(ÁNGELES LÓPEZ)
En una ciudad de Suiza, un hombre reside junto a su mujer y sus hijas. Sólo ha logrado vivir como un turista en su país de adopción. Pero el apacible presente le retrotrae a su infancia en la Rumanía de Ceaucescu. Participando de la autobiografía pero con multitud de interferencias ficcionadas, extrae Popescu el material del que está compuesto su pasado a través de la voz en segunda persona de su abuelo, que sabe más de los personajes que ellos mismos. Todo lo ve, pero no le adiestra. Sólo registra sus movimientos, pasiones, miedos y esperanzas, tutelando la narración. Un recurso extraordinario que engarza al nieto con el origen y proporciona al texto un aire de leyenda.
Un texto emocional
La narración arranca con la muerte de su padre cuando nuestro protagonista no alcanza los 15 años. Su universo se circunscribe a privaciones, cartillas de racionamiento, gatos, cerezos y una existencia con la abuela materna después del divorcio de sus progenitores. Hasta los 28 años su historial no será completado con su duro paso por el ejército. La plasticidad de las palabras de Popescu nos conducen por meandros costumbristas, apegados a la tierra, donde lo intrascendente, la escasez, el mosaico de razas, las putas, los pobres, los desalmados y los seres caritativos logran componer la osamenta emocional de una vida en un tiempo áspero.

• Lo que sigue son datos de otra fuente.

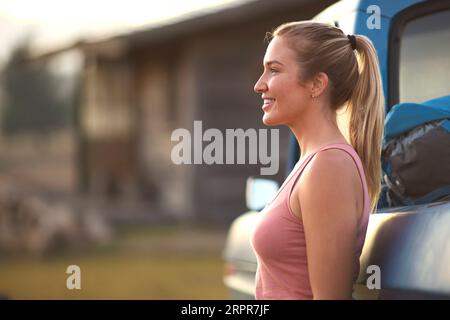 Junge Frau Mit Rucksack Im Pick-Up-Truck Auf Dem Road Trip Zur Hütte Auf Dem Land Stockfoto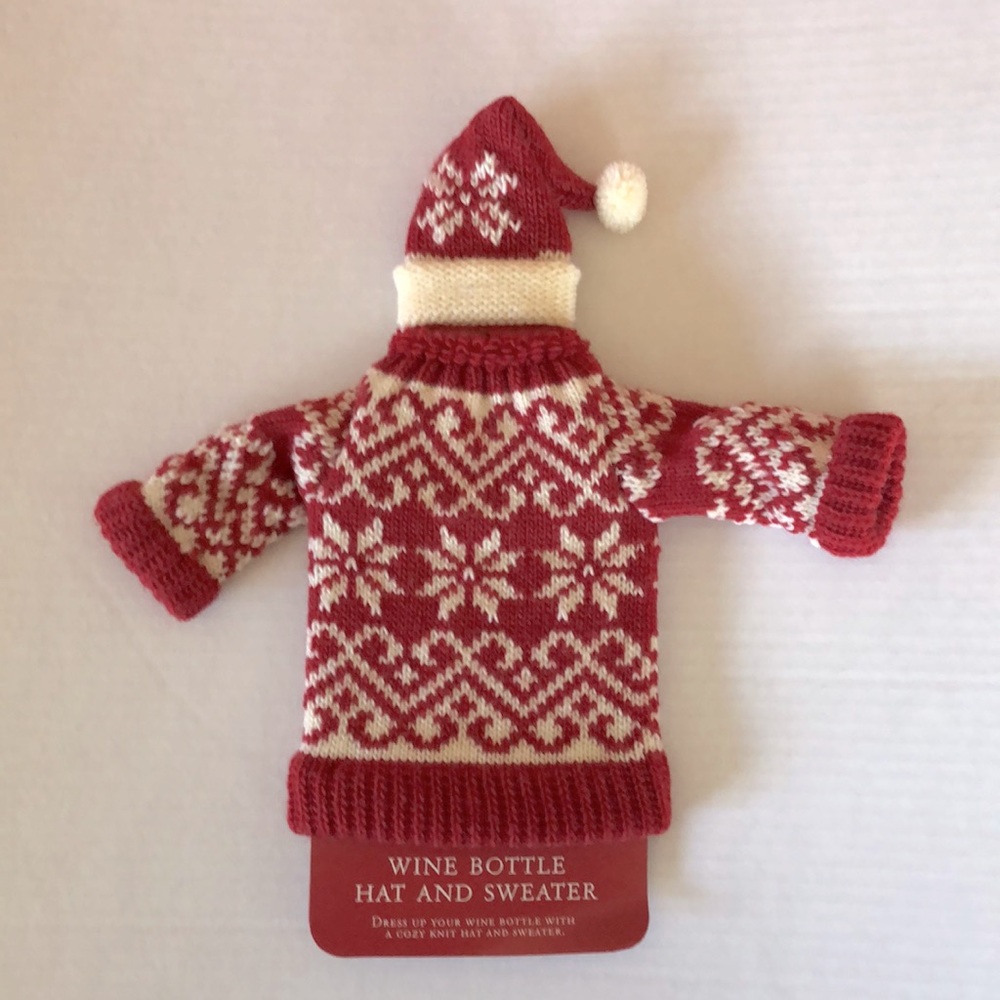 ๐ต3/$15 World Market Wine Olive Oil Bottle red ivory winter Hat & sweater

Trufa la evocación del ayer con un presente ocupado en pegar carteles en una ciudad donde «por todas partes hay gente caminando en todos los sentidos». De Lausana a Rumanía y a la inversa nacen estas páginas que desafían el lenguaje. ¿De dónde bebe un escritor si no es de su propio fango? Huyendo de la autocomplacencia o de la alegoría, sabedor de que sólo cuando un universo particular se convierte en universal nace la verdadera literatura.